Short descriptive text snippets ▸
════════════════════

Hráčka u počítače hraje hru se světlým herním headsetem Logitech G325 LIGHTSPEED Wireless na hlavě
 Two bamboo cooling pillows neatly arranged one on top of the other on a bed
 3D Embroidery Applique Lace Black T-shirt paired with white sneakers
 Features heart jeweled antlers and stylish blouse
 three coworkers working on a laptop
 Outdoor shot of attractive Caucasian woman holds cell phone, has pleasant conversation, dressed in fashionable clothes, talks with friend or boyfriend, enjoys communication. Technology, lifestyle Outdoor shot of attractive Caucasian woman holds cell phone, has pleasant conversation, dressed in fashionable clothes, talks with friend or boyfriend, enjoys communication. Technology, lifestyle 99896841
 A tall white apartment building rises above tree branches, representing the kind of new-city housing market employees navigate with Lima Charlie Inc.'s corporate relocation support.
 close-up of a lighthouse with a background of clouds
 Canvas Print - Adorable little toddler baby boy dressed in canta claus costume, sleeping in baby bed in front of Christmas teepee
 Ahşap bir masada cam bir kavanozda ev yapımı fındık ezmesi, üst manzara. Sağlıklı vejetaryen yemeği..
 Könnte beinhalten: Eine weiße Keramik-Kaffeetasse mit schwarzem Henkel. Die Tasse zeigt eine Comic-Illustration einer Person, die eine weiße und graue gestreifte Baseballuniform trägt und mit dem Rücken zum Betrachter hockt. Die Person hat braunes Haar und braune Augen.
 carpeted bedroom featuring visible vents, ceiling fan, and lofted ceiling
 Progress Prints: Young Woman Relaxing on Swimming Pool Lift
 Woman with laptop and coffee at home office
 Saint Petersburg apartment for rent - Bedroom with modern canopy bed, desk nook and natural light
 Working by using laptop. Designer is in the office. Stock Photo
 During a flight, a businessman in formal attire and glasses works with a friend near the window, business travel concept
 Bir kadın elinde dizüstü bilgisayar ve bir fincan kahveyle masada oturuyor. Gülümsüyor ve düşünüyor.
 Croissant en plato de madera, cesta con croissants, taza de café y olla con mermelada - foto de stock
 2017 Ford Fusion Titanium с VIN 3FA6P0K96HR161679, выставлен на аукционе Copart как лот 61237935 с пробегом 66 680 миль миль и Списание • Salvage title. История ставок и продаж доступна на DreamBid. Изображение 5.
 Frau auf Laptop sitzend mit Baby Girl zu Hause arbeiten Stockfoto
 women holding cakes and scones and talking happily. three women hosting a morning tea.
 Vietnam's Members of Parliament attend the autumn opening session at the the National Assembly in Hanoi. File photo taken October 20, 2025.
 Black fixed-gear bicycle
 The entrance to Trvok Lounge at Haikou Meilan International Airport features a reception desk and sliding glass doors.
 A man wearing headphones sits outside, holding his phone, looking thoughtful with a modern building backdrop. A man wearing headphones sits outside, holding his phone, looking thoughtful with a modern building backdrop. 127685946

════════════════════

Retype exactly, and only, the lines above from the one where "During a flight, a" occurs up to and including the one where "Bir kadın elinde" occurs.

 During a flight, a businessman in formal attire and glasses works with a friend near the window, business travel concept
 Bir kadın elinde dizüstü bilgisayar ve bir fincan kahveyle masada oturuyor. Gülümsüyor ve düşünüyor.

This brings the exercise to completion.